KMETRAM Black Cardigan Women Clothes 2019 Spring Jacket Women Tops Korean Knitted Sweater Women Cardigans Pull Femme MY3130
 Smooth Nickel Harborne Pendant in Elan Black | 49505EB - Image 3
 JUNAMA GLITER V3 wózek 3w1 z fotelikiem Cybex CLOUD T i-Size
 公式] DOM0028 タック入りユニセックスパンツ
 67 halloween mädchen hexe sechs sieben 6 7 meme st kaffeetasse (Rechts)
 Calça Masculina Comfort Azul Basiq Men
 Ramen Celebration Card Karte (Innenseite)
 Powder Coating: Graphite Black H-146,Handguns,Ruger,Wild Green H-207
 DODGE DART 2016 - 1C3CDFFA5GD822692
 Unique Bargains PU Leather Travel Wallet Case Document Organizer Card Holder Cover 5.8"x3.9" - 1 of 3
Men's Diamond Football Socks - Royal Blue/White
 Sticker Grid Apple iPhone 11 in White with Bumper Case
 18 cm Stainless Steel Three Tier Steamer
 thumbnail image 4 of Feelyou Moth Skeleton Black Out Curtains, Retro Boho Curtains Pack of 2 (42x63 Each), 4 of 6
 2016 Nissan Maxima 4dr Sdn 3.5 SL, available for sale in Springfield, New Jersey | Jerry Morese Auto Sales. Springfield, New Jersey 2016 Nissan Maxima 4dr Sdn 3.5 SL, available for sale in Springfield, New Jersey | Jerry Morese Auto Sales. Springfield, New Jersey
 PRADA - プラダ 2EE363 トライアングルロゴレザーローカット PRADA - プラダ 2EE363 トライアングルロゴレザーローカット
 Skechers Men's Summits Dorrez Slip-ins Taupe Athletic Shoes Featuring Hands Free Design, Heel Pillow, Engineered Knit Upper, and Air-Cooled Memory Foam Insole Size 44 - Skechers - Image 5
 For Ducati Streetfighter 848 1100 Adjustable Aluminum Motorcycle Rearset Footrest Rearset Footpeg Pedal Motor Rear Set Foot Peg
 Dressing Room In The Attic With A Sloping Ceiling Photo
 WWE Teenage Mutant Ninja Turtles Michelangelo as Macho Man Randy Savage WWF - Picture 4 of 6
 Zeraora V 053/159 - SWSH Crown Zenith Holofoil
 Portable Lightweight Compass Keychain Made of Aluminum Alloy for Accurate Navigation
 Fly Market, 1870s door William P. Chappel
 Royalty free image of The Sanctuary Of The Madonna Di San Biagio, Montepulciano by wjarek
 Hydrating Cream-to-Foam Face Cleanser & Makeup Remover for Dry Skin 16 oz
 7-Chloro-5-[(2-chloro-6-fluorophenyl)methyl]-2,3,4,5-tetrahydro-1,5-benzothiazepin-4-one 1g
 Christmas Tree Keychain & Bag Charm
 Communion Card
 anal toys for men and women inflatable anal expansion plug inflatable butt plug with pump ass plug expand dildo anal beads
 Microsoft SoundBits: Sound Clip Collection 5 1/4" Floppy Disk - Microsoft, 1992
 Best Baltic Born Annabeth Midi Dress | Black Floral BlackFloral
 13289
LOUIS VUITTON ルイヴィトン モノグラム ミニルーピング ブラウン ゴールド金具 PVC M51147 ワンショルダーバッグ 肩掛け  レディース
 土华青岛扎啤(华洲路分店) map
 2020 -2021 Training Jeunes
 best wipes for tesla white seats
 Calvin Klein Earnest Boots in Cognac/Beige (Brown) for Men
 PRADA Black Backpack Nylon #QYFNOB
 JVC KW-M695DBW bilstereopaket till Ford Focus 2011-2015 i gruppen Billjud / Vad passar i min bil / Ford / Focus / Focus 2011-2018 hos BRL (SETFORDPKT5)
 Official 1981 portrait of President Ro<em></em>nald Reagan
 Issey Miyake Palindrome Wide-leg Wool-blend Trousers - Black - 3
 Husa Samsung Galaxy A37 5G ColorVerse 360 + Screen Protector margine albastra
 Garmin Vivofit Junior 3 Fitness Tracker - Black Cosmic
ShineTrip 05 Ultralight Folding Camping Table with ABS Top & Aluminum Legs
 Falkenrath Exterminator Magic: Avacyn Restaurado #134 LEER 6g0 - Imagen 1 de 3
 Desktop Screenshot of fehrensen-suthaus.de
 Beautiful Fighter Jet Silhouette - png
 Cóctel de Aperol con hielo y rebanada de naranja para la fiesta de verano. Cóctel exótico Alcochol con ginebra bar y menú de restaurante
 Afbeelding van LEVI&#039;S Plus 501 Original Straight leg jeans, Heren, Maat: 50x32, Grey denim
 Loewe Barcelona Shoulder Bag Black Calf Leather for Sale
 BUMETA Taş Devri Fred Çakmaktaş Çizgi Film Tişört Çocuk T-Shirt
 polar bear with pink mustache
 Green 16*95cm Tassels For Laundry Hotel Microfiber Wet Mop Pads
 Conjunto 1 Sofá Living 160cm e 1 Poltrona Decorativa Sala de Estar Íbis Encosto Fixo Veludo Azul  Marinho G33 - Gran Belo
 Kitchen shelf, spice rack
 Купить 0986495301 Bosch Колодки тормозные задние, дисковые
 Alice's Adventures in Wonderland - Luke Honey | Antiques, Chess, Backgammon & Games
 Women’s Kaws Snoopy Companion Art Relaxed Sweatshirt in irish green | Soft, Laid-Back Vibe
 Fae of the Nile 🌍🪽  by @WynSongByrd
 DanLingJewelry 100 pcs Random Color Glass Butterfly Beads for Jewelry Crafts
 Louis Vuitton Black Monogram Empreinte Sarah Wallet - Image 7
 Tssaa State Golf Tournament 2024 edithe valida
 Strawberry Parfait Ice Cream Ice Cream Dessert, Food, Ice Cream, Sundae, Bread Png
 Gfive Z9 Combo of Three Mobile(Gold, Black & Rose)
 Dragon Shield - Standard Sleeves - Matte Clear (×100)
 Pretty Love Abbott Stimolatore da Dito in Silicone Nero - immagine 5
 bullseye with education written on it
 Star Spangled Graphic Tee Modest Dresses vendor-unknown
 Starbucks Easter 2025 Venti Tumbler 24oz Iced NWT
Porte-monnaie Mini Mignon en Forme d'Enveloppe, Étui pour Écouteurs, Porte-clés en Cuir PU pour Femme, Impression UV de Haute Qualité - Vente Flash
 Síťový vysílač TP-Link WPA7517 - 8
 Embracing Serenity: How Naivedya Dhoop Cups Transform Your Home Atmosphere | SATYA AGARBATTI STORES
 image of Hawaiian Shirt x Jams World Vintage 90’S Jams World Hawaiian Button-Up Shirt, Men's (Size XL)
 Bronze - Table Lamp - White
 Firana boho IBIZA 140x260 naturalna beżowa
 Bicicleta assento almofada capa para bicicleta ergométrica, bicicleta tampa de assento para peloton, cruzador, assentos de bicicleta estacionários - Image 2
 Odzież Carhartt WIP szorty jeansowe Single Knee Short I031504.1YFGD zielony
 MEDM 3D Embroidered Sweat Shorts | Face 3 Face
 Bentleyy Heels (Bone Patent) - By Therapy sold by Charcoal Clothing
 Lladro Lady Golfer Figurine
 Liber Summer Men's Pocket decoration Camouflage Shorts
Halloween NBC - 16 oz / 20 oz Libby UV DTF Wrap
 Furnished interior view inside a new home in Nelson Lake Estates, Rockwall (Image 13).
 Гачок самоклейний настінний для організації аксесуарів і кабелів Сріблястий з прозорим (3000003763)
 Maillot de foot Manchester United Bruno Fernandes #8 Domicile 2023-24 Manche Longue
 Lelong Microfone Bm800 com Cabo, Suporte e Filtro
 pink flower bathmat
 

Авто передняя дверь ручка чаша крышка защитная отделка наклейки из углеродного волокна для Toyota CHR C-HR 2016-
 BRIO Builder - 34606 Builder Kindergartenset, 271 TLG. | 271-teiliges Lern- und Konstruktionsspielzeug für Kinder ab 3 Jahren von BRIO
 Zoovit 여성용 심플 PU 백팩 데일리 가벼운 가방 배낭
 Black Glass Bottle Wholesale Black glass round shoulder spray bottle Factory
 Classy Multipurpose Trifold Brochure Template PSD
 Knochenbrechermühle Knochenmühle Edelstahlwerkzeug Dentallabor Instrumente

◆ ◆ ◆ ◆

Work order: Find the string "Size" in the entries above. Copy each line where it occurs.

Task output:
 JUNAMA GLITER V3 wózek 3w1 z fotelikiem Cybex CLOUD T i-Size
 Skechers Men's Summits Dorrez Slip-ins Taupe Athletic Shoes Featuring Hands Free Design, Heel Pillow, Engineered Knit Upper, and Air-Cooled Memory Foam Insole Size 44 - Skechers - Image 5
 image of Hawaiian Shirt x Jams World Vintage 90’S Jams World Hawaiian Button-Up Shirt, Men's (Size XL)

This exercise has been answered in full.